Amiante : 16 ans de prison pour les deux accusés du procès italien
L'ex-propriétaire du groupe suisse Eternit et l'ancien actionnaire belge de la branche italienne de l'entreprise ont été jugés responsables de la mort d'environ 3 000 personnes en Italie.
Le verdict du procès Eternit était très attendu, à Turin (Italie) : les deux inculpés, l'ancien-propriétaire du groupe suisse et l'ancien actionnaire belge de la branche italienne de l'entreprise, ont été condamnés à 16 ans de prison, lundi 13 février. Ils ont été jugés responsables de la mort d'environ 3 000 personnes en Italie.
Ce tout premier procès au pénal sur le drame de l'amiante pourrait créer un précédent pour les autres pays concernés. "C'est un formidable espoir pour les victimes du monde entier", estime l'association des victimes françaises Andeva, qui a envoyé 160 de ses membres témoigner de leur solidarité dans la ville italienne. Quelque 2 000 personnes étaient attendues sur place, selon Le Monde. Qui est mis en cause ? Pourquoi ce procès est-il si important ? FTVi fait le point.
Qui est mis en cause ?
• Le milliardaire Stephan Schmidheiny, 65 ans, ex-propriétaire du groupe suisse Eternit qui était spécialisé dans les matériaux de construction en amiante. Le groupe comptait quatre établissements en Italie, le plus grand était situé à Casale Monferrato (Piémont).
• Le baron belge Jean-Louis Marie Ghislain de Cartier de Marchienne, 89 ans, ancien actionnaire de la branche italienne de l'entreprise.
Mais le banc des accusés devait être vide : ces anciens dirigeants devaient en effet être représentés par leurs avocats.
Pour quoi sont-ils condamnés ?
• Ils étaient soupçonnés d'avoir omis volontairement de protéger la santé de leurs employés. Ce manquement a provoqué 3 000 décès dus au cancer de la plèvre - dont 1 800 dans la seule ville de Casale Monferrato, ainsi que 700 cas de fibrose pulmonaire. Mais ces maladies ne concernent pas seulement les salariés de l'entreprise. Elles touchent également leurs familles et les habitants vivant autour des usines.
• Les deux hommes étaient également accusés "de désastre environnemental permanent". Selon Le Point, "ce chef d'inculpation sous-entend qu'ils avaient connaissance des dangers et qu'ils ont préféré la logique du profit à la santé des ouvriers et des populations vivant à proximité des usines".
Pourquoi ce procès est-il si important ?
• Avec 6 337 parties civiles et un dossier de 220 000 pages, c'est le plus grand procès contre l'amiante jamais organisé.
• La jurisprudence des affaires concernant l'amiante pourrait changer. "C'est la première fois que ce ne sont pas des administrateurs locaux des usines qui sont inculpés, mais les véritables responsables, affirme le procureur Raffaele Guariniello. Nous avons des documents du siège suisse de la société démontrant que les instructions venaient du sommet." Le magistrat estime que ce procès est peut-être celui du "début de la fin de l'amiante."

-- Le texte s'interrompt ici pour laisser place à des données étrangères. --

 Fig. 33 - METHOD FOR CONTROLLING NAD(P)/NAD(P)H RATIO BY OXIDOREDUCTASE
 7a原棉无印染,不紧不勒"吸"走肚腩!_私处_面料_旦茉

• C'est un matériau encore largement utilisé. Si l'amiante est interdit en Europe depuis 2005, il reste utilisé sans précaution dans de très nombreux pays. Seuls 54 Etats l'ont banni. Il reste très prisé dans les pays émergents. D'ailleurs, les quatre principaux producteurs mondiaux sont la Russie, la Chine, le Canada et le Brésil.
• L'amiante est jugé responsable de 10 à 20 % des cancers du poumon. Selon les autorités sanitaires, il pourrait provoquer 100 000 décès d'ici à 2025.
• Le procès a un rayonnement international. En France, les premières plaintes de travailleurs exposés datent de 1996, mais il n'y a eu aucun grand procès à ce jour. En Belgique, un tout premier jugement au civil a accordé, le 28 novembre dernier, une indemnisation de 250 000 euros à une famille de victimes de l'amiante. Le tribunal civil de Bruxelles a jugé le fabricant belge d'amiante Eternit responsable de la mort, en 2000, de la femme d'un ingénieur de l'usine décédé treize ans plus tôt à cause de l'amiante, et dont deux des cinq fils ont succombé pour la même raison.